One of my resolutions for the New Year was to not lose any friends this year. I made that one of my resolutions because at the time, I was feeling like a choice I made to eliminate a friend from my life in 2011 was a good decision but one of those traumatic experiences that I just didn’t want to have to go through in 2012. At the time, I was struggling with the idea that I was always the one who had to break up with friends. At some point I had to be willing to acknowledge that there was something I was doing wrong because certain friendships had gone on past their shelf life. What I realize now, my error wasn’t in ending the friendships, it was in letting people stay in my life far longer than their actions indicated they should have.
Sometimes when you have a longstanding friendship with a person, you ignore things about them. Sometimes you make excuses for a person and their poor character traits because you love them. And by not addressing their behavior and how they treat others, you are complicit in that behavior and must not be surprised when they begin to treat you in the same fashion. When you allow them to believe their behavior is acceptable, you set the ball in motion. Eventually that ball will pick up speed and come rolling down upon you.
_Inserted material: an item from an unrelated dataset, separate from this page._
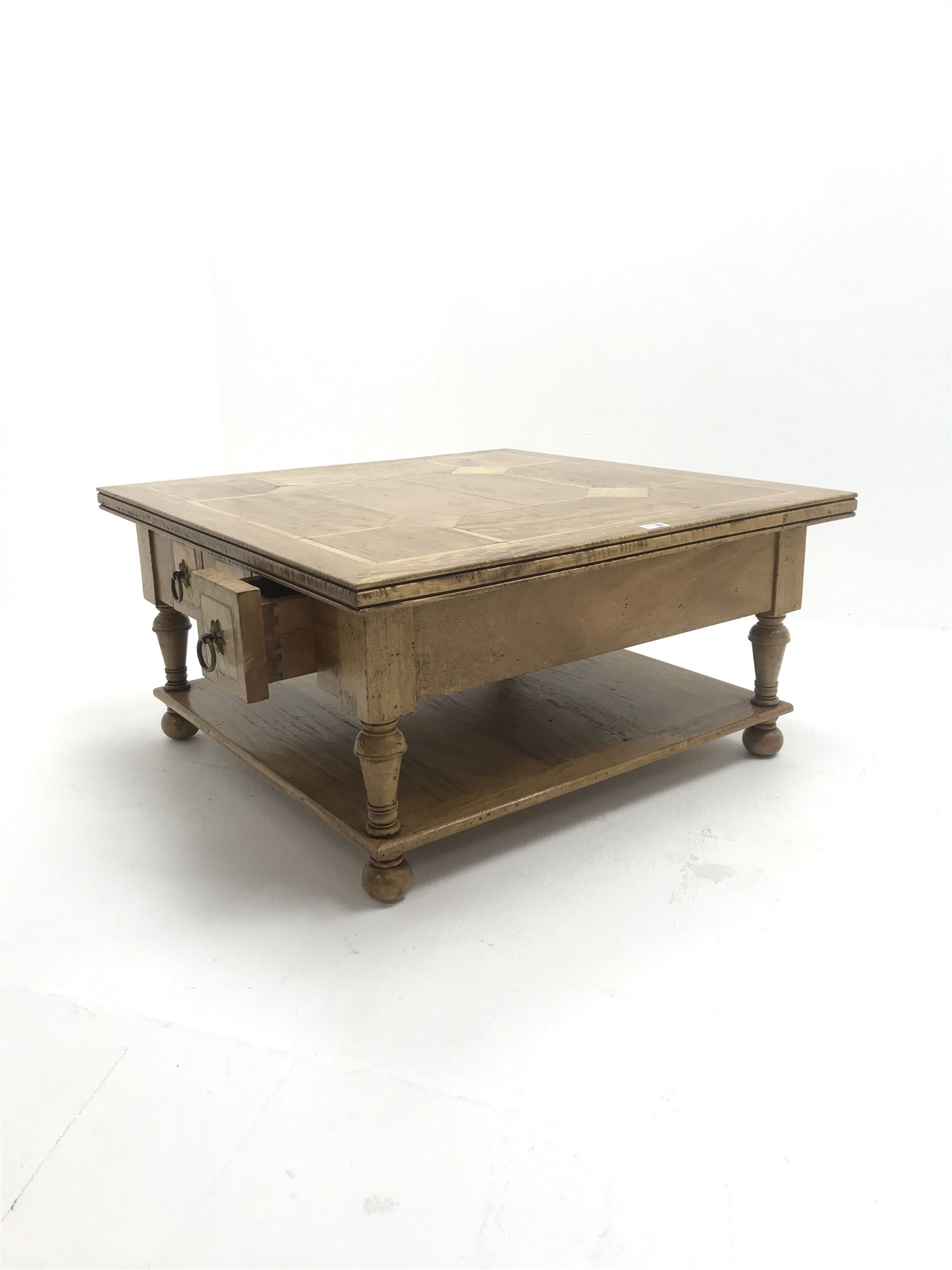 Teak and tile inset square coffee table, six drawers, baluster supports joined by undertier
And when that happens, as much as you want to, resist the urge to blame your friend. For the responsibility is yours to demand people in your life act accordingly or excuse them from your life. That doesn’t require a break up of massive magnitudes, it could just mean distancing yourself and/or changing your relationship in order to preserve it. That can be what saves a relationship and prevents you from having to experience the traumatic break up. More than likely the friendship will fade to black.
With a few key strokes, I was reminded today why the friend that caused me so much grief in 2010/2011 never made it to 2012. She is an asshole. She is a cold hearted person who is extremely miserable in her own life and takes that misery out on anyone who she believes is possibly happy in their own life. For as much as she believes herself superior to others, she is in fact the greatest demonstration of an underachiever ever. For all the effort her parents put into her being well rounded with her education and extra-curricular activities, they failed in teaching her to be a good, decent human being capable of sustaining loving, respectful, honest relationships where both parties are able to be held accountable for their behavior. She isn’t a supportive friend, except of course when you are participating in self-destructive behavior, then she supports you 100% because she gets a thrill from seeing people destroy their lives, it helps her to justify her often messy, unstable, unhappy life. The more willing you are to destroy yourself, the more supportive she will be, it helps her feel better about herself. As much as she believes herself one who always keeps it real, she lives in a fantasy world where up is down, left is right and she is never responsible for her behavior (although you must always be). She is mean to people she proclaims to care about and she finds nothing wrong with that. She isn’t a nice person. Looking back, the last time she was a nice person, we were in Junior High School.
Letting people stay in your life too long is begging for a traumatic ending, one which will cause you much more pain and anguish than you really need. Let people go when you see they don’t fit into your mold of what a good friend is. Let people go when they show you how they treat people who they claim to love, for it will only be a matter of time before they treat you exactly the same way. And when they do, you will be the one to blame.
Today I was reminded exactly why 2012 doesn’t include this person and no year going forward will ever include her again. And as my connections to her continue to disappear, I am confident that having spent 20 years of my life in a friendship with her won’t mean much of anything 20 years from now. Especially since the valuable lesson I learned from our traumatic break up will prevent me from ever experiencing a person like her ever again. A lesson I am eternally grateful to have received, even if it came 20 years too late.